Rule #1 - Try to stay at a hotel with destination chargers (Hilton just announced a partnership with Tesla to expand destination chargers at their hotels)
Rule #2 - on a road trip in cold areas, Supercharge before stopping at a hotel overnight or plan on driving to heat the battery before stopping to SC.
Rule #3 - charging warms the battery so if you're parked in the cold, you may want to calculate your charging to start and finish right before you plan on leaving so the pack is warm and regen isn't limited. If you're at a hotel with destination charging where they need to rotate out your car for someone else then this may not be a possibility.
Rule #4 - Preconditioning your car while still plugged in will not use battery and expand your range.


----------



## jsmay311 (Oct 2, 2017)

Another bone to pick with Tesla on this: the estimated time to complete the charge doesn't appear to account for any of these temperature-related charge rate limitations.

That _should_ be a simple thing for Tesla to model into their time estimate if they know the current battery temp, the outside air temp, and the power of the battery heater.

There are threads from MS owners going back to 2014 about this issue, so there's no excuse for Tesla to not be managing this experience better IMO.


----------



## Guest (Jan 3, 2018)

jsmay311 said:


> There are threads from MS owners going back to 2014 about this issue, so there's no excuse for Tesla to not be managing this experience better IMO.


Well said. Some things just don't happen and that is not acceptae.

Also it's weird that charging current is actually zero. I've never heard about chemistry that actually can't charge at all below 0*C.

_After 45 mins it was only up to 34kW._
This is not acceptable. At all. I'm extremely dissatisfied with thermal system. I think it is a programming mistake. Again. Tired of those. 
Math doesn't support that. Starting from no less than -5C. Adding kWh's of heat. WTF.:weary:


----------



## jsmay311 (Oct 2, 2017)

More discouraging examples:




__ https://www.facebook.com/video.php?v=860368607467943



After 45 minutes of Supercharging it still had a "blue bar" and was only up to 21kW.




__ https://www.facebook.com/video.php?v=860390000799137



After 90 minutes, only up to 28 kW. And the "Time Remaining" estimate was comically wrong.
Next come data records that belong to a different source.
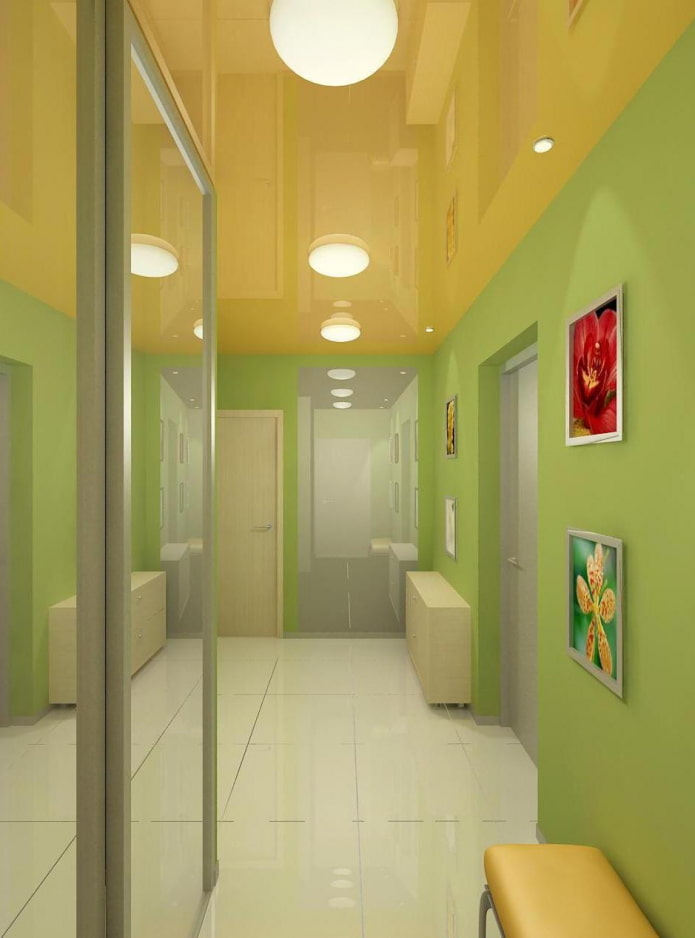 gloss tension structure in the hallway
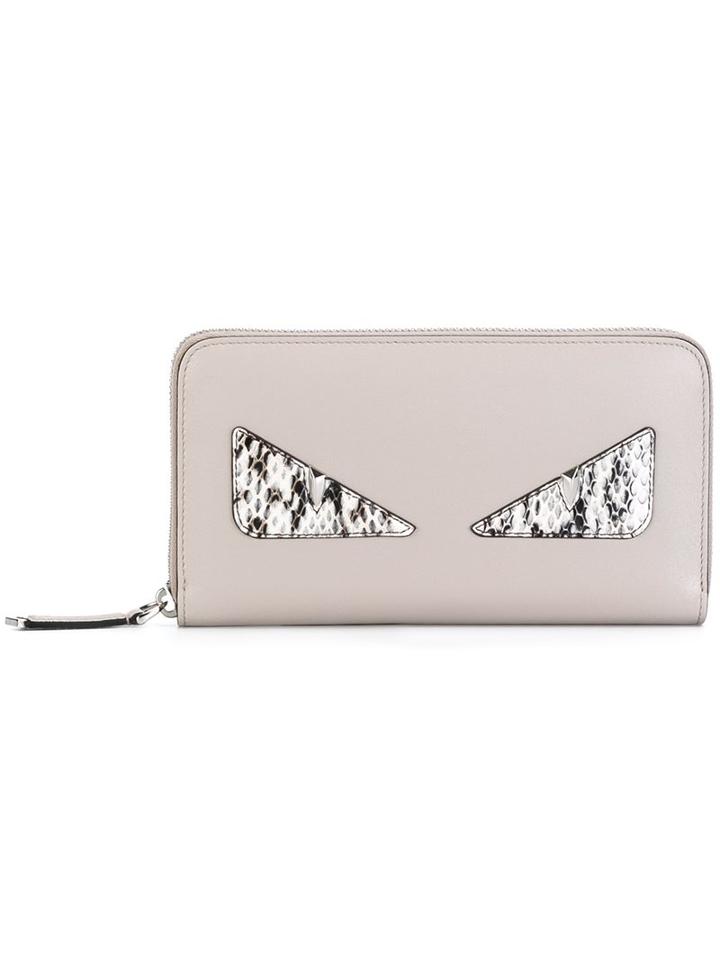 Fendi Bag Bugs Zip Wallet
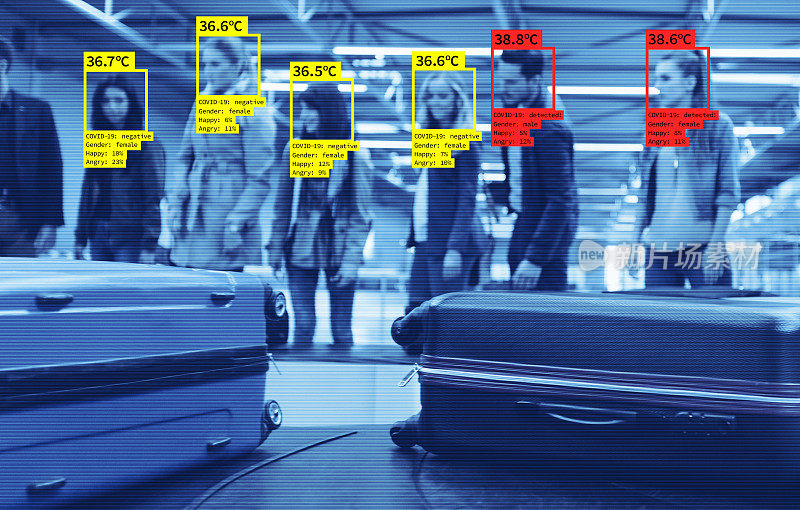 2019冠状病毒病大流行期间机场的人脸识别技术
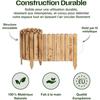 Bordure de jardin en bois - CREATIVE HOME - 200 x 40 cm - Pin naturel - Traitée anti-UV - Flexible modulable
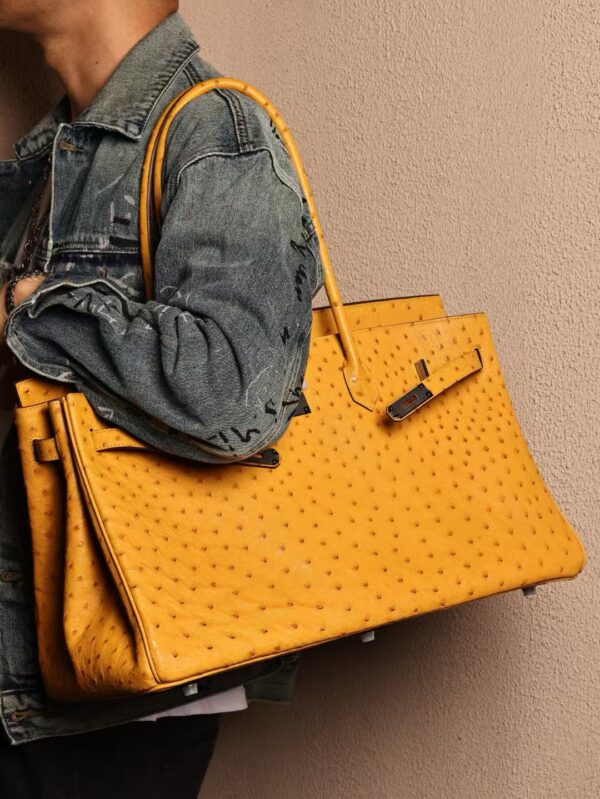 GPC Mode Birkin 45CM KK Ostrich Leather 9D Amber PHW
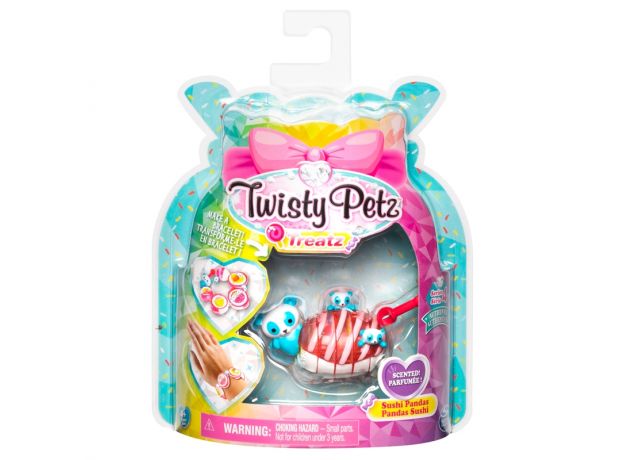 پک تکی دستبند درخشان معطر Twisty Petz سری Treatz مدل Sushi Pandas, image 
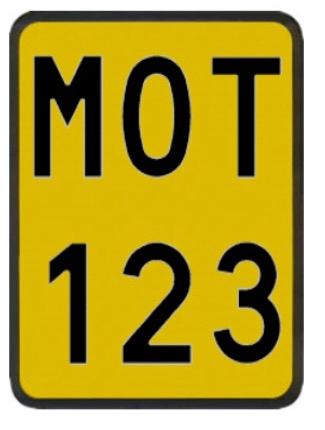 Plaque moto jaune, Neuf, Enlèvement ou Envoi, ., .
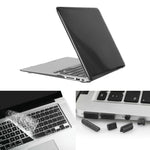 ENKAY เคสแข็งคริสตัล 3 in 1 พร้อมที่ป้องกันคีย์บอร์ดและปลั๊กกันฝุ่นสำหรับ Macbook Air 13.3 นิ้ว (รุ่น US) / A1369 / A1466 รุ่น Hat-Prince
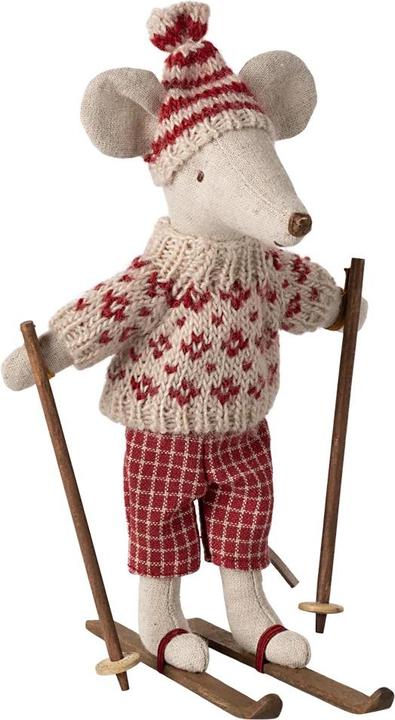 Actual product image Maileg Winter mouse with ski set (16 cm)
It's not totally clear from the comments what the car was doing immediately prior to plugging in. Idk if they stayed in Champaign overnight and plugged in after it was cold soaked, or drove down from Chicago in the morning. Hopefully it was cold soaked.


----------



## Mike (Apr 4, 2016)

Brokedoc said:


> Rule #2 - on a road trip in cold areas, Supercharge before stopping at a hotel overnight or plan on driving to heat the battery before stopping to SC.


I just found this thread and as I am reviewing it, this particular recommendation was proving not to be effective in helping You You at the Kingston, Ontario supercharger the evening of 04 Jan 2018.
Approximate situation: at the tail end of a 90 minute run at 100 kph, with about 5% battery left and ambient temperature of -20C.
No snow flake icon.

1+23 spent charging and battery was only 2/3 full.....we had to get going to carry on with our test drive and then his trip.

My takeaway from that experience: whatever technique the Model 3 is using for battery heating is not very effective at -20C temperatures. The battery should have been warm enough to get more than 60% (from 5% to about 66%) added charge in 1+23 time frame.


----------



## Guest (Jan 11, 2018)

It should be effective, but not effective enough.

Rapid charging heats up battery more than driving in cold weather.
Especially Model 3, which uses much less power to move, therefore less losses.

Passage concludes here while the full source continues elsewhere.